In general there's no easy way. But there are a lot of tricks you can use, and sometimes they work.
For this problem, the rational root theorem tells us that if there is a rational root, it must be $\pm 1$. Evidently it isn't either of these, so there are no rational roots, and therefore no factors of the form $n-q$.
So we are looking for two second-degree factors: $$n^4+6n^3+11n^2+6n+1 = (an^2+bn+c)(pn^2+qn+r)$$
But we can see from the coefficient of 1 on the $n^4$ term that $a=p=1$. From the constant term of 1 we have either $c=r=1$ or $c=r=-1$, so it's really
$$n^4+6n^3+11n^2+6n+1 = (n^2+bn\pm1)(n^2+qn\pm1).$$
Equating the coefficients of the $n^3$ terms on each side, we see that $b+q=6$.

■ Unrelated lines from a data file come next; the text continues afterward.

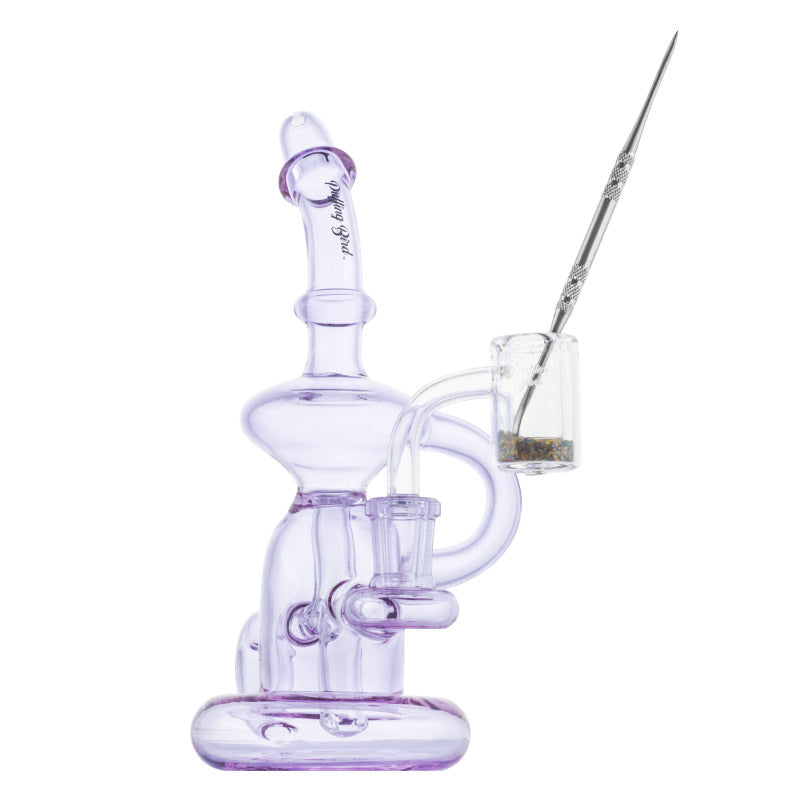 Mini Recycle Dab Rig w/ Thermochromic Banger Dabber Set - PuffingBird CA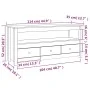 Mueble de TV de madera maciza de pino 114x35x52 cm de vidaXL, Muebles TV - Ref: Foro24-821502, Precio: 103,56 €, Descuento: %
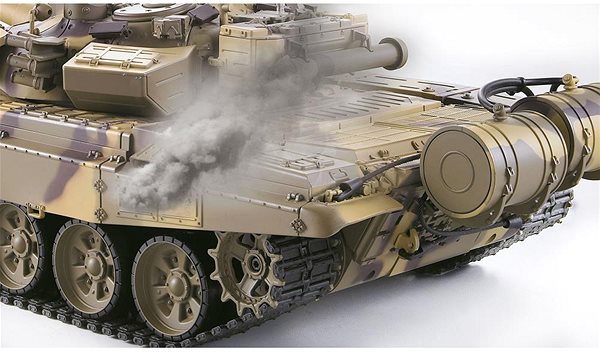 RC tank na ovládanie Torro Tank T-90 BB+IR RTR súpravou s Li-ion Aku ...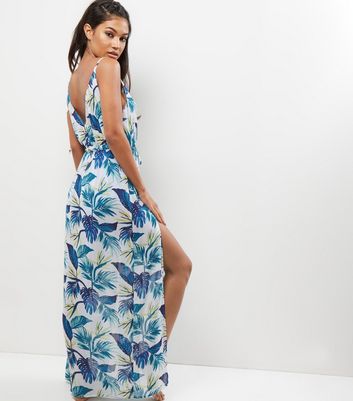 new look leaf print dress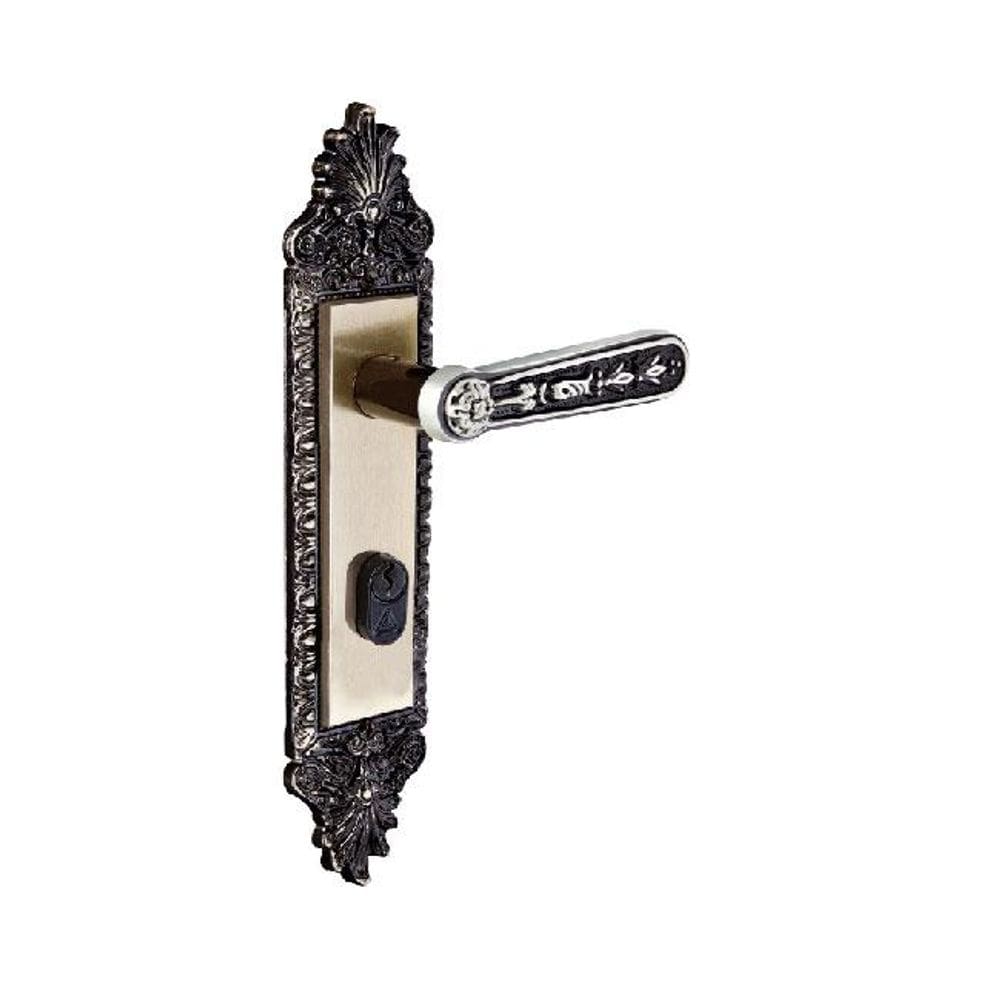 fechadura entrada colonial alavanca 55mm latonado alianca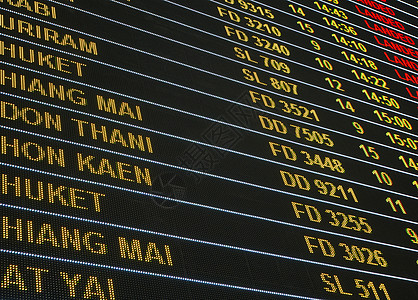 航班旅行机场业务概念机场航班信息出发到达 led 背景牌图片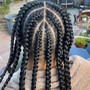 Box Braids (medium parting/ no hair added)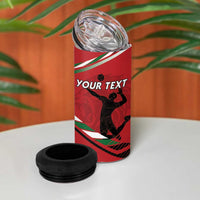 Custom Kenya Volleyball 4 in 1 Can Cooler Tumbler We Are Champions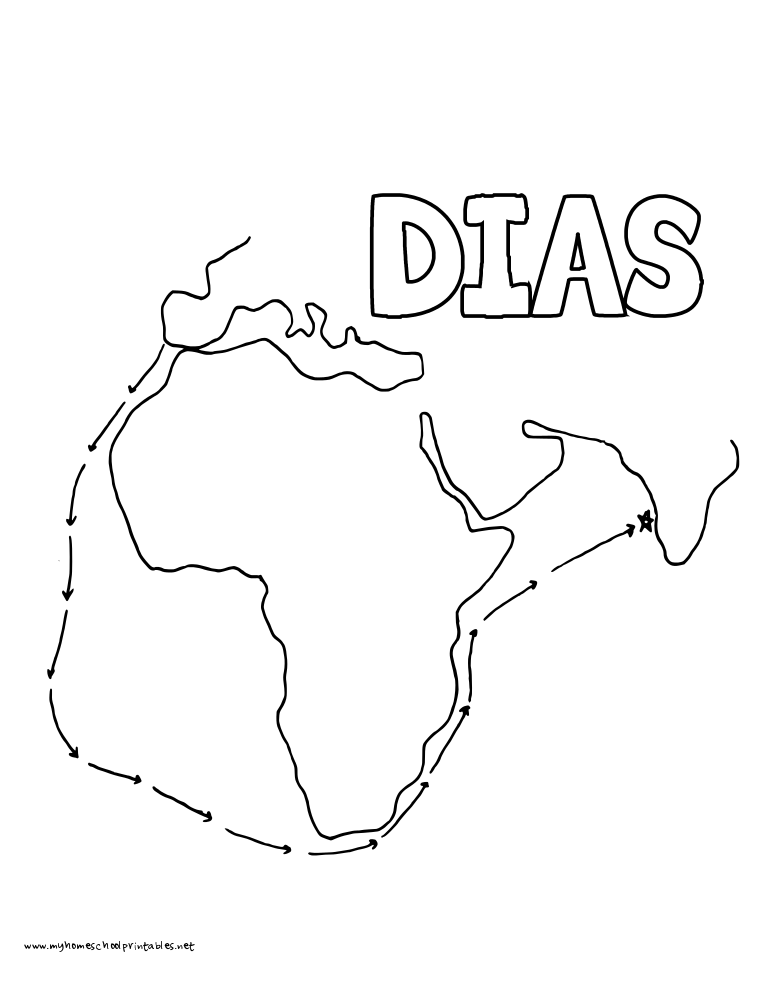 765x990 World History Coloring Pages Printables Bartolomeu Dias And Vasco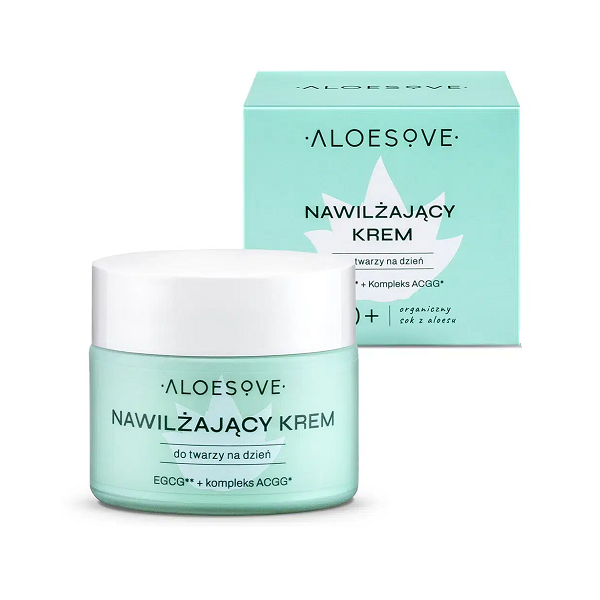 ALOESOVE Nawilżający krem do twarzy na dzień 50ml
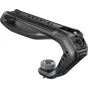 SmallRig 6143 top handle su ARRI locating mount, juosios anodizuotas metalas, ergonominis pakankamai gripu, integruotas cold shoe ir daugiau 1/4"-20 šikšru reikšmės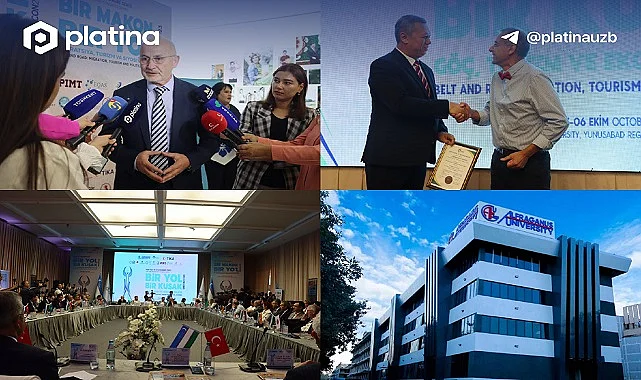 Rektör Ünal, Özbekistan’da İpek Yolu ve Ötesi Kongresi'nde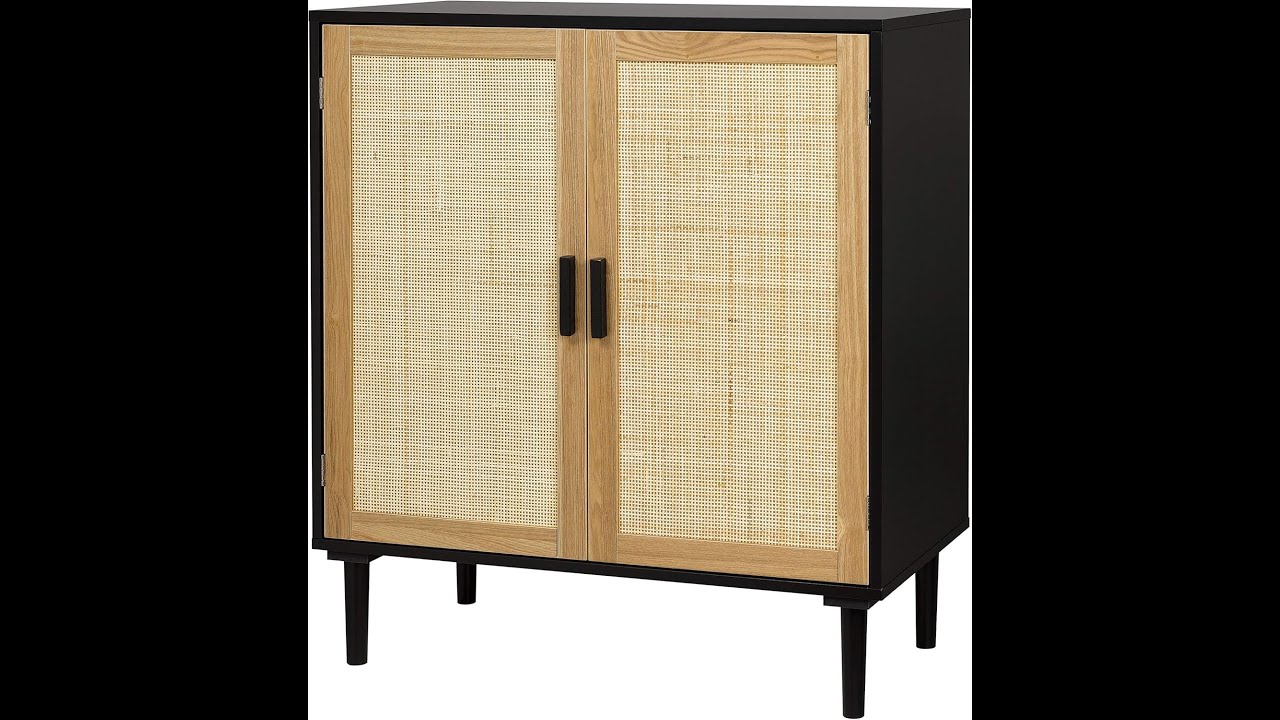 Finnhomy Rattan Door Buffet Cabinet Review - Pros & Cons - Finnhomy Sideboard Buffet Cabinet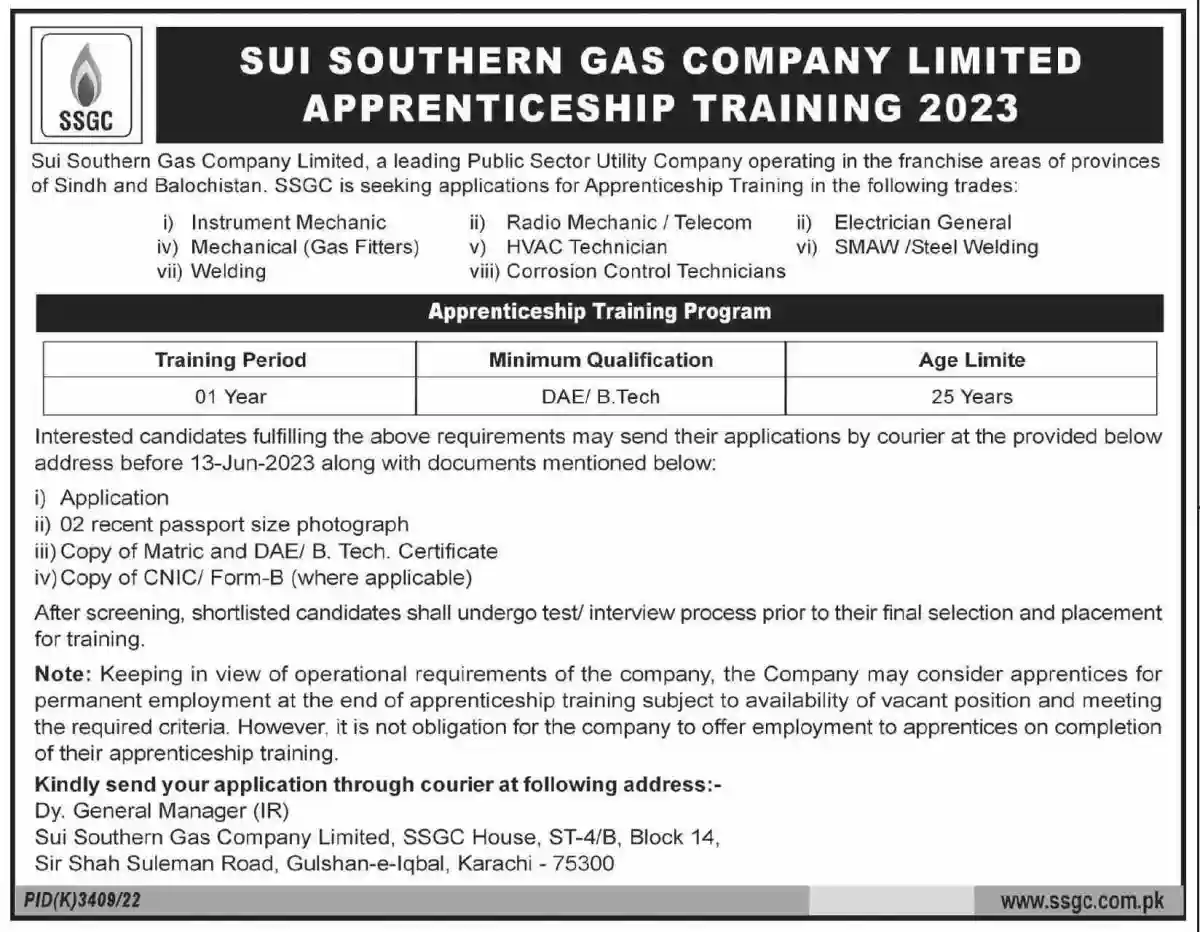Sui Gas Jobs 2023 - Sui Southern (SSGC) Apply Online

Equating the coefficients of the $n^2$ terms on each side, we see that either $bq+2=11$ (if we take the $\pm$ signs to be $+$) or that $bq-2 = 11$ (if the $\pm$ signs are $-$).
The equations $b+q=6$ and $bq-2 = 11$ certainly have no solution in integers, since one of $b$ or $q$ must be 13. So we try the other pair of equations, $b+q=6$ and $bq+2 = 11$. Here the solution $b=q=3$ is obvious, and we are done, except to check the answer. We must do this, because we have completely ignored the coefficient of the $n$ term.